Defining risk thresholds can be difficult (especially with a ‘zero tolerance for corruption’ policy). This involves distinguishing acceptable risks – low impact and probability – from those that should generate a necessary mitigation reaction. Organisations should carry out an initial risk identification at the appraisal or development stage, and later review the register regularly as situations may evolve.

Risk owner

Programme managers should identify relevant risks. For example, international red flags developed by the World Bank, the OECD, or the International Chamber of Commerce show where to look for corruption risks in procurement. Previous country and sector assessments from project appraisals should inform their analysis. When there is an anti-corruption team within the organisation, it should provide support to define specific risks.

Tools

We strongly recommend looking at the U4 Guide to using corruption measurements and analysis tools for development programming. Approaches can rely on quantitative or qualitative data, or a mix of both. Document reviews, brainstorming, participatory methodologies (such as interviews with employees or stakeholders), and horizon scanning are all valid tools to identify risks.

For example, USAID’s rapid appraisal methodology for public financial management (p.8) helps to understand partners’ capacities and environment. The Australian Department of Foreign Affairs and Trade (DFAT)’s risk identification approach (p.7) defines events that may occur, their causes, and their potential impact.

Step 2 – Assessing risk levels

Organisations assess risk levels by evaluating the magnitude of an identified risk and then determining the level of response. This includes looking at whether the event is unlikely, likely, or very likely to happen – corresponding to a low, medium, or high probability.

At the same time, one has to estimate the potential impact of that occurrence for the organisation and its activities – distinguishing between a low, medium, or high impact.

For example, a development programme may assist custom authorities that potentially face bribe requests. The likelihood that this will happen is high in a country with a low Country Policy and Institutional Assessment (CPIA)score. The impact would be substantial in terms of, for example, a damaged reputation. However, the impact may be low considering overall project results, so it could be assessed as a medium risk. A medium risk will then require proportionate mitigation measures.

Figure 3.

Probability and impact matrix showing how to determine risks as low, medium, or high.

Using a heat map when presenting the risk assessment results can help to pinpoint priority areas.

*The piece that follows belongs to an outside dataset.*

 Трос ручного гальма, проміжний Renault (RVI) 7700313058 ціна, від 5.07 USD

Organisations can determine how likely a risk is to become reality – or probability – by studying various aspects, such as:

  • Previous occurrences in the country, sector, or similar programmes.
  • Existing databases on corruption occurrences.
  • Reviewing partners’ processes.
  • Understanding local context, etc.

For example, the Maritime Anti-Corruption Network registers all incidents reported in specific places, and the Water Integrity Scan assesses corruption risks in the water sector from a users perspective. Such appraisals may inform development agencies’ own risk assessments.

To estimate the potential impact if a risk becomes reality, organisations must consider the likely financial, legal, regulatory (capacity of a programme to operate), operational, and reputational damage. It can be useful to study how past incidents in the country, sector, or similar programmes have affected operations and employees.

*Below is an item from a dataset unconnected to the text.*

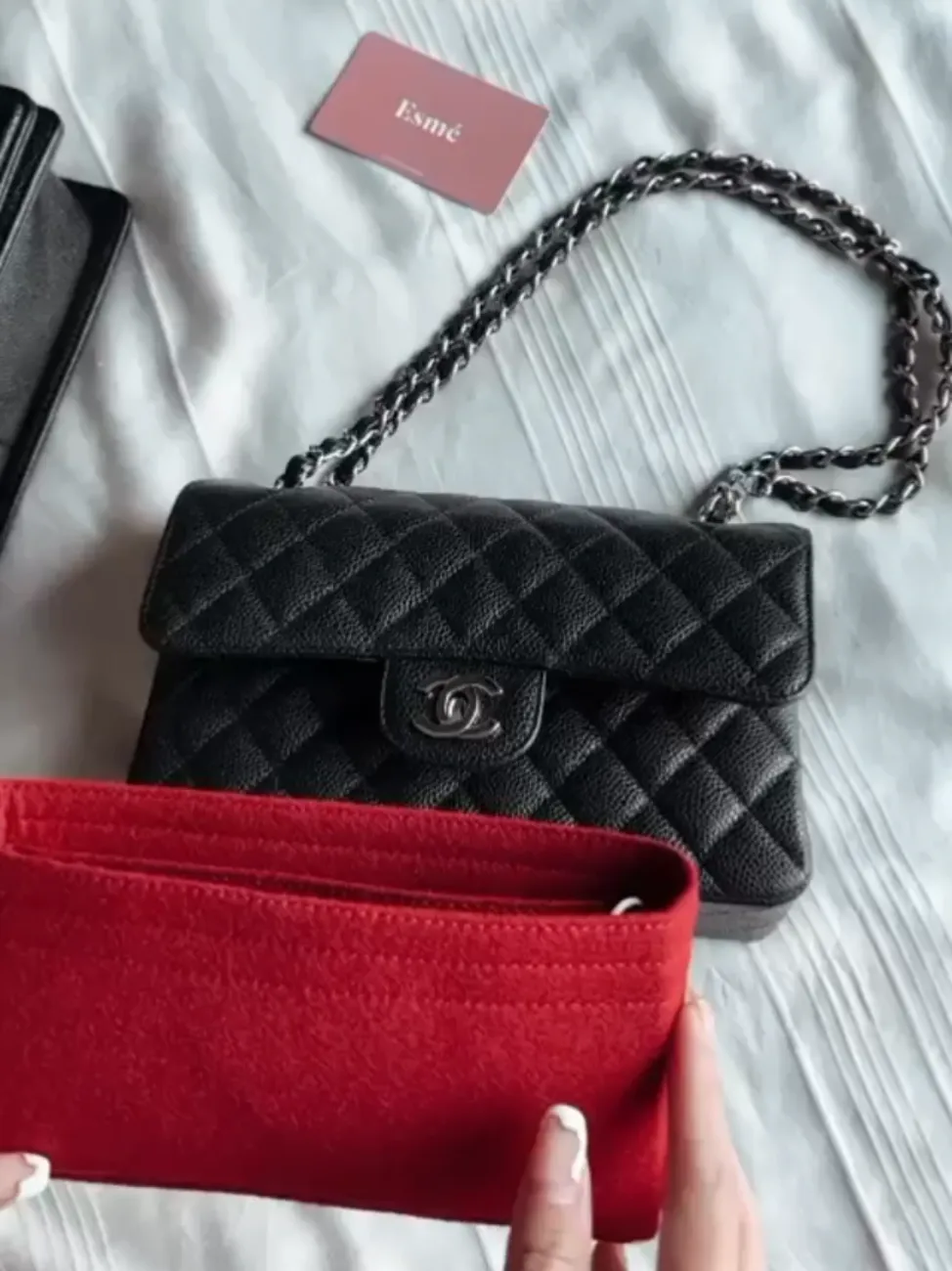 Chanel CF Small Bag Insert in Carmine Red., Video published by Esmé®  Singapore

Assessing corruption risks can sometimes be difficult, as corruption is a complex issue. Moreover, risk perceptions vary from one context to another. For example, favouritism in recruitment represents a corruption risk for human resources management, yet the degree of social acceptability varies. The risk evaluation may then be different from one context to another.

Risk owner

Project or programme managers can assess corruption risks potentially affecting their project or programme, and regularly review the risk register. Country directors and anti-corruption experts can help to assess internal and external context.

Tools

Useful methods for risk assessment include brainstorming, risk-mapping, probability analysis, participative methodologies, and decision tree analysis (decisions based on expected outcomes and probabilities). Risk registers can be simple and effective, such as the DFID/FCDO risk management matrix.

Step 3 – Mitigating risks

There are different ways to mitigate risks:

  1. Risk treatment
    Actions or procedures that help avoid or reduce the probability of a occurring and harming the organisation and its activities.
  2. Risk tolerance
    Significant residual risks exist despite prevention and mitigation actions, and managers keep track of those risks in case of escalation. Organisations should determine their tolerance level to inform future decisions.
  3. Risk transfer
    When the risk is present but organisation cannot take it on, but rather rely on another entity to assume that responsibility. Such entities may be an insurance company or a third party with expertise to mitigate the risk.
  4. Risk termination
    The organisation chooses a different path of action because the risk is too high and cannot be managed. This is an option when corruption risks cannot be transferred, treated or tolerated by existing anti-corruption controls.

Organisations should identify recommendations, who is the risk owner, and necessary resources for all mitigation measures. Resources may include political support, infrastructure, human resources, rules and guidelines, information, and monitoring and reporting measures.

Organisations should also consider risk appetite – the attitude towards corruption risk – in their risk responses. This will depend on the organisations’ interest or intended activity outcomes.

Risk owner

Mitigation is often a multi-stakeholder and cross-functional effort, ascontrols, monitoring activities, and other mitigation recommendations require coordination across various departments.The procurement department, finance officers, anti-corruption team, country director, and/or the sectoral or regional director may be involved, depending on cases and the level of responsibilities.

Mitigation also depends on whether it is a preventative or an investigative control. In case of an investigative control, anti-corruption and fraud experts may be much more involved, whereas preventative controls is a concern for programme managers or compliance and training officers.

Tools

All mitigating actions must be proportionate. This applies to audits, evaluations, due diligence, financial and non-financial controls as well as service delivery surveys. Such actions require resources, and can therefore affect the capacity to reach objectives. They can even have unintended consequences, such as reputation damage.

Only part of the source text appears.